Yes, there are a lot of hours, a lot of time and a lot of sleepless nights involved but those happy, smiling patients when you deliver good news is so worth the stress and time.

2. The study is never-ending!

In most other jobs once university finishes, there’s no more learning to be done. In medicine, however, that is not the case.

After medical school, there’s more to be done. We continue to learn every day and each patient teaches us a valuable lesson.

To become a consultant or specialist in any field you must go through years of rigorous training to make sure you’re equipped to help patients as best you can.

3. It can be emotionally draining

Medicine isn’t easy and there will be days that are much tougher than others. Some days you’ll get great results, save lives, diagnose diseases and tell loved ones that their friend/family member is going to recover.

But just as some days are good, some days are bad. You will lose patients, you will make tough decisions or decisions that you wish you hadn’t made. Make sure you are ready to face the difficult aspects of medicine as well as the good parts.

4. Don’t go into medicine for the money

A lot of people decide that medicine is for them because of the monetary gain. If you’re not in medicine for the right reasons, I can promise you it will not be worth the hours, days, months and years you spend in the hospital.

Make sure you’re in it for the right reasons: if you care about your patients, and making a difference to people’s lives, any difficulties will ultimately be worth it.

5. You have to have a tough skin

As with any job, there will inevitably be some people you don’t get along with – whether that’s junior doctors or consultants.
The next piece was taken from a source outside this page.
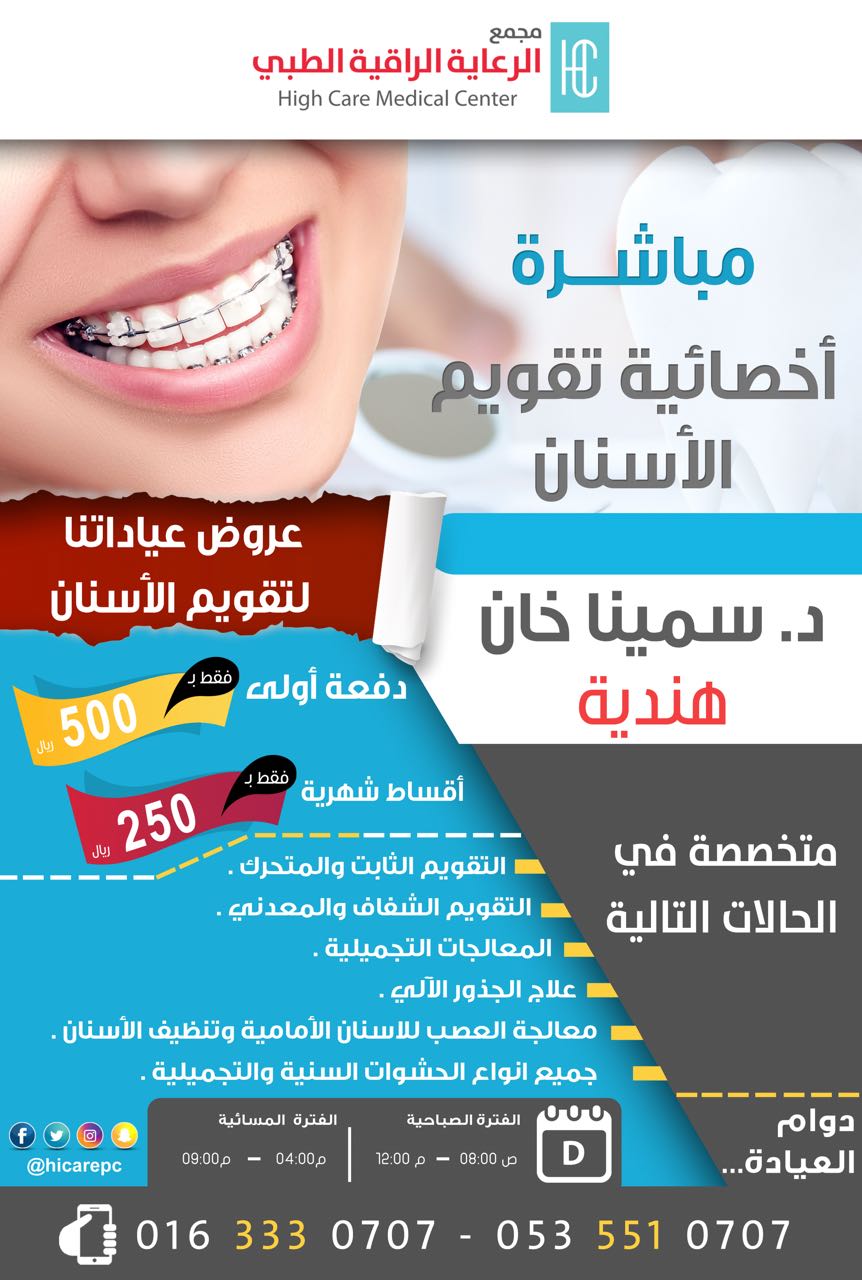 O Xrhsths مجمع الرعاية الراقية الطبي Sto Twitter الان في عيادات الرعاية الراقية بالرس اخصائية تقويم الأسنان دكتوره سمينا خان مع عروض خاصة للتقويم واقساط شهرية بادري بالحجز للاستفسار 0163330707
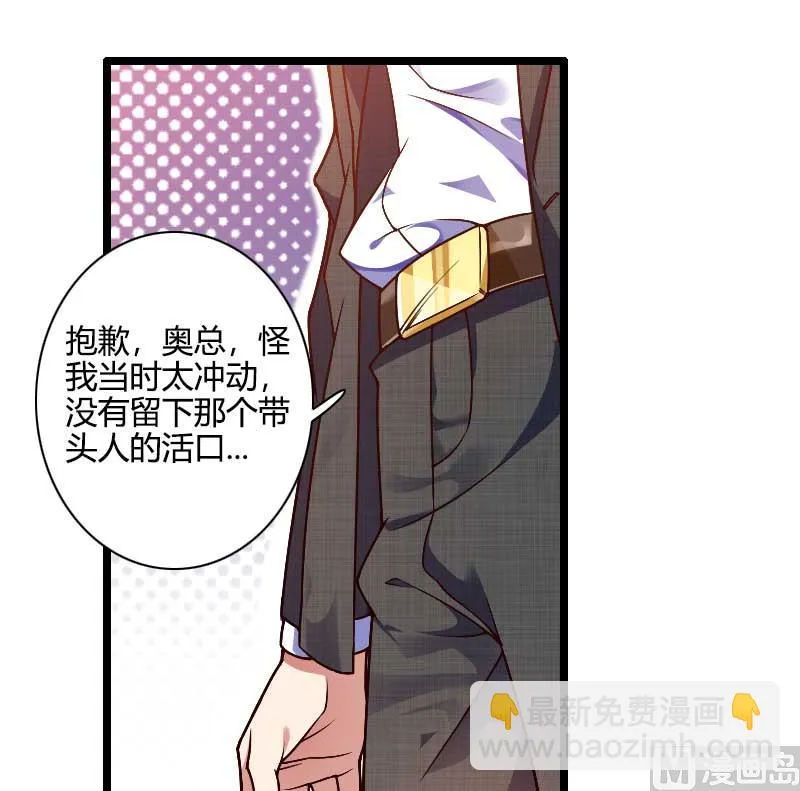 第43话 奥尼的往事 第43页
You need to have a thick and tough skin to push through those days where it seems like you don’t have the best luck, and remind yourself why it is you’re doing what you’re doing.

6. It’s immensely rewarding

Medicine is an immensely rewarding career. You get to study a mix of human anatomy, science and pathology and put that all together to diagnose someone with an illness which you then treat.

There is no other job in the world remotely like it. You get to specialise in whatever field suits your fancy and you get to help people along the way.

It’s certainly a special career whichever way you choose to look at it. So even though there might be some hardships you’ll have to face on your way up, the rewards are there every day – you just have to look for them.